→ AIM OF THE EXERCISE: Copy each line below as written, but skip the pictures.

→ GIVEN INFORMATION:
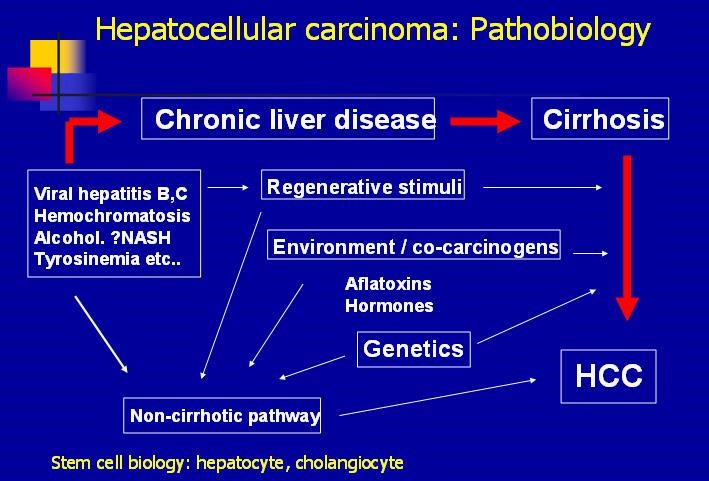 Pathophysiology Of Hepatocellular Carcinoma Download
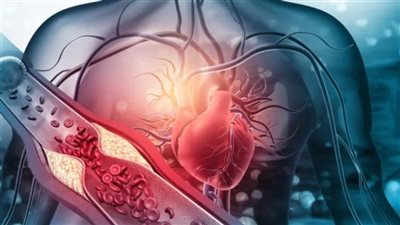الذكاء الاصطناعي يساعد في الإسراع بتشخيص النوبات القلبية 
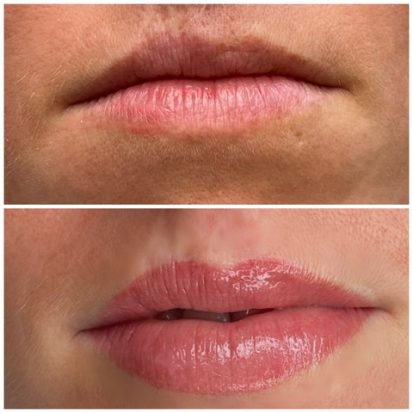 Mature Lips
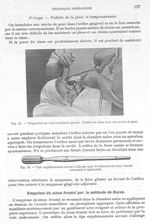 Fig. 12. Trépanation du sinus maxillaire gauche / Fig. 13. Tige supplémentaire servant d'allonge pou [...]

→ COMPLETED TASK:
 Pathophysiology Of Hepatocellular Carcinoma Download
الذكاء الاصطناعي يساعد في الإسراع بتشخيص النوبات القلبية 
 Mature Lips
 Fig. 12. Trépanation du sinus maxillaire gauche / Fig. 13. Tige supplémentaire servant d'allonge pou [...]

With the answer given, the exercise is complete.